- Born: 8 May 1921 Lansford, Pennsylvania
- Died: 21 February 2011 (aged 89) Newport News, Virginia
- Education: Rensselaer Polytechnic Institute
- Scientific career
- Fields: Aeronautical engineering
- Workplaces: Langley Memorial Aeronautical Laboratory, NACA

= John M. Riebe =

American aerospace engineer

John Michael Riebe (8 May 1921 – 21 February 2011) was an American aeronautical engineer and inventor who contributed to the early designs of flight surfaces. Other significant contributions included being project engineer in the development of the Grumman F8F Bearcat fighter, involvement with short takeoff and landing projects for airline terminals, and work on control systems for rockets, flying boats, delta wings and powered lift systems. He performed tests in the numerous wind tunnels of the National Advisory Committee for Aeronautics' Langley Memorial Aeronautical Laboratory in Langley Field, Virginia (now NASA's Langley Research Center in Langley Air Force Base, Virginia), where he was employed.

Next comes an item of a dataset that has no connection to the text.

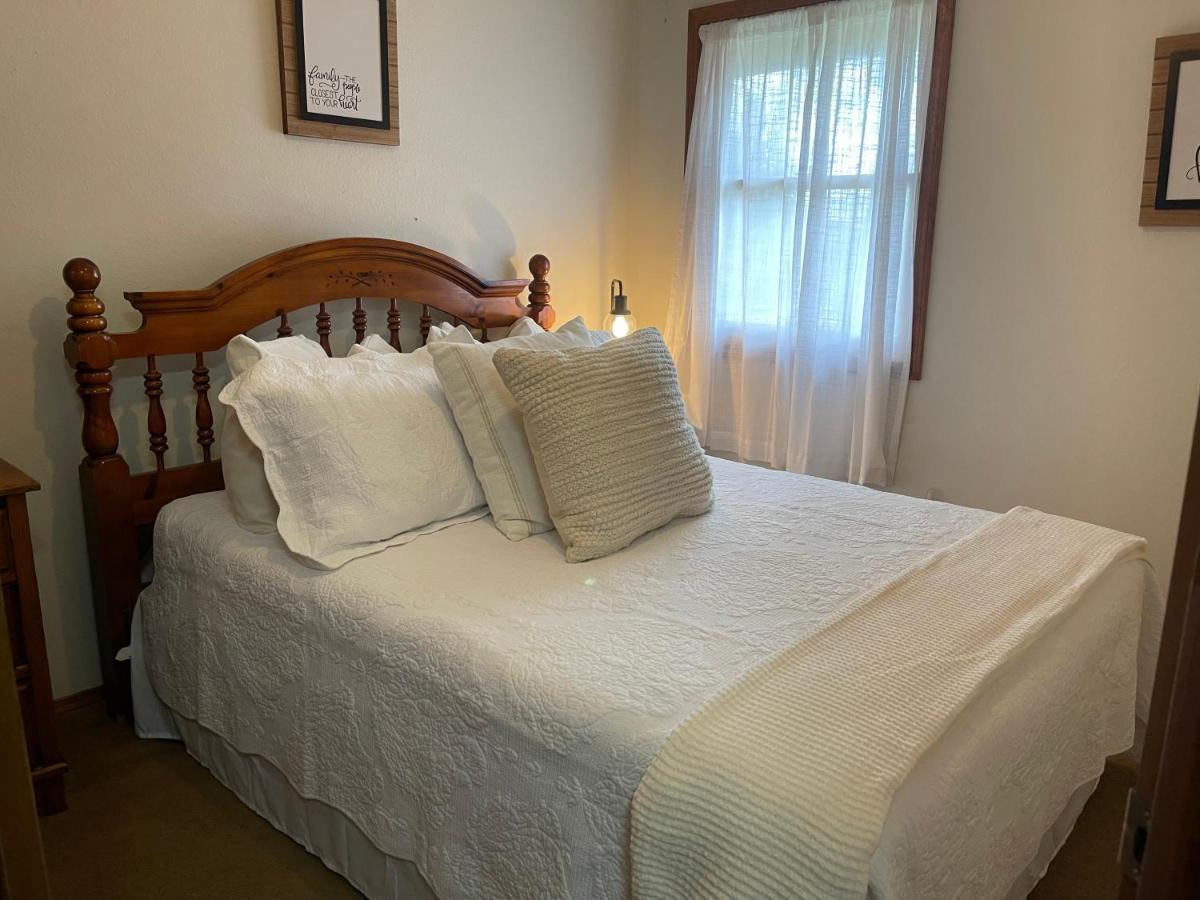 Lady Victoria House With High Speed Wifi Villa Red River Exteriör bild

Many of the tests he performed, as well as the resulting data and reports, were classified at the time because they were wartime reports, but have been since declassified and available to the general public.

==Biography==
John Michael Riebe was born on 8 May 1921, in Lansford, Pennsylvania, the United States. He attended Rensselaer Polytechnic Institute in Troy, New York and graduated with a Bachelor of Aeronautical Engineering. He began working at the National Advisory Committee for Aeronautics on 3 January 1943. On 19 August 1946, he received an honorable discharge from the United States Army. He then went on to produce 60 publications and five patents. He retired from NACA (which had become NASA) in December 1974.

==Publicity==
In Popular Science, July 2006 edition, a design was featured in an article, which was invented by Riebe & Vernard E. Lockwood.